ゆのみんは一瞬、自分の中で何かが『カチリ』と外れたような音を聞いた気がした。

あれ……? どうして……?

湯気を出そうとしても、胸の奥に冷たい霧が張りついている。

◆午前中、ゆのみんは『笑顔の仮面』をつけた

子どもと遊びながら、ゆのみんは『笑顔の形』だけを保った。

「ここ、こうやるんだよ~!」

「うん、ありがとう~……」

言葉は出る。

しかしどれも少し遅れて出てくる。

なんだろ……体が重い……足が、ぽてぽて動かない……

子どもが首をかしげて言った。

「ゆのみん、なんか冷たい……?」

「えっ……そうかな……?」

ゆのみんは慌てて湯気を出そうとした。

……でも、出ない。

胸がぎゅっと縮んだ。

どうしよう……お茶の器なのに……わたし、湯気が出ないなんて……

焦りは、さらに冷えを広げるだけだった。

◆昼下がりのキッチンで、ゆのみんは座り込む

お昼を終え、家事をしているとき。

突然、足が止まった。

『ぽとん。
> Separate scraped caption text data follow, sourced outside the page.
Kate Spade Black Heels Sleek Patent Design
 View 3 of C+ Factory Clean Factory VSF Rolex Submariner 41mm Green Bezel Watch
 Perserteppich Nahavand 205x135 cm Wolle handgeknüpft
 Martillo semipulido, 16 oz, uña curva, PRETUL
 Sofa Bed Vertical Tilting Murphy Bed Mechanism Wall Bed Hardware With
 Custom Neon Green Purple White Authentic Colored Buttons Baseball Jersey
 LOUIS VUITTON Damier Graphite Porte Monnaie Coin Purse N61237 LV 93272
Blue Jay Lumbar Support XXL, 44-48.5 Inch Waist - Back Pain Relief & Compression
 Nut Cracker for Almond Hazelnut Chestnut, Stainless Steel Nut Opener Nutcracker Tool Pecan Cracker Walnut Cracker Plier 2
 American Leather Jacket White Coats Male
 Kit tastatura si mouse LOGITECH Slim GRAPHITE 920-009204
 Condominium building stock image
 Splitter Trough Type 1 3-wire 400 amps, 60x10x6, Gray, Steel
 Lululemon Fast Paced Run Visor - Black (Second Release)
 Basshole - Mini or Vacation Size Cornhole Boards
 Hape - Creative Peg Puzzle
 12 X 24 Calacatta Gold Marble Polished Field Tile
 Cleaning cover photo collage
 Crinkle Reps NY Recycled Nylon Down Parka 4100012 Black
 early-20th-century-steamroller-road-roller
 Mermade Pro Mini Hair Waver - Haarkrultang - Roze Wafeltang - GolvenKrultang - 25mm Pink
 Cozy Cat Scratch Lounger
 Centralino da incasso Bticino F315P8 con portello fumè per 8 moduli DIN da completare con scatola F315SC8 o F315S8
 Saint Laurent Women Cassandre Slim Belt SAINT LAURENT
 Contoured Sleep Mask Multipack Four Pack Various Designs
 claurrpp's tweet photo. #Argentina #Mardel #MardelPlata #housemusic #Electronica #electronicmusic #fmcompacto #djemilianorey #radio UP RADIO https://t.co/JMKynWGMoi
』

小さな音とともに、ゆのみんの体が少しだけ沈んだ。

あ……もう……動けない……

台所の光の下で、ゆのみんはゆっくりと腰を下ろした。

陶肌が、どこか乾燥してひび割れそうだった。

なんで……なんでこんなに疲れてるんだろ……幸せなはずなのに……わたしが頑張れば……全部うまくいくはずなのに……

胸の中の冷えは、涙の代わりに広がっていった。

ゆのみんは、初めて『自分の温度』が怖くなった。

◆夜、つぎっぴーからのメッセージが届く

その夜、スマホが震えた。

『ねぇ、ゆのみん! また新しい仕事、決まったよ! すっごく嬉しい!』

ゆのみんは画面を見つめ、返事を打とうとした。

……よかったね。ほんとに、よかった……

そう思っているのに、指が動かない。

言葉が浮かばない。

湯気も、戻らない。

わたし……なんでこんなに……何も出てこないの……?

胸の奥で、コトリ、と何かが落ちる音がした。

◆つぼるんからの電話

そのとき、電話が鳴った。

「ゆのみん、大丈夫か……? なんか、いつもと違う気がして」

ゆのみんは必死で声を整えた。

「あ、ううん、大丈夫だよ~! 元気元気~!」

声は明るい。

けれど、その『軽さ』はいつもと違った。

つぼるんは静かに言った。

「……ゆのみん、本当に、湯気……出てるか?」

ゆのみんは一瞬言葉を失う。

……見抜かれた。

「……で、てない……」

その言葉と同時に、胸の奥に押し込めていた涙が、音もなくあふれた。

◆ゆのみん、『自分のために』泣く

電話口のつぼるんが言う。

「ゆのみん、無理せずに、弱音を吐いてもいいんだよ」

その一言で、ゆのみんの心に張りついていた『冷たい霧』がゆっくりと溶け始めた。

「……ごめん……わたし……全然大丈夫じゃ、なかった……」

「うん、知ってるよ。ずっと、力が入っていた」

「……うん……うん……」

ぽろ、ぽろ。

湯気ではなく、ゆのみんの『涙』が、初めてこぼれ落ちた。

わたし……本当は、しんどかったんだ……

自分で自分の『情』の枯渇に気づいた瞬間だった。

◆電話の最後、ゆのみんは決めた

つぼるんは優しく提案した。

「……休んだほうがいい。一度、〈ひとがま〉に帰っておいで。陶じいにも、会おう」

ゆのみんは、涙でにじむ声で言った。

「……うん。……帰りたい……」

心の奥で、小さな火がほのかに灯った気がした。

湯気はまだ出ない。

けれど――その火は確かに『再生のはじまり』だった。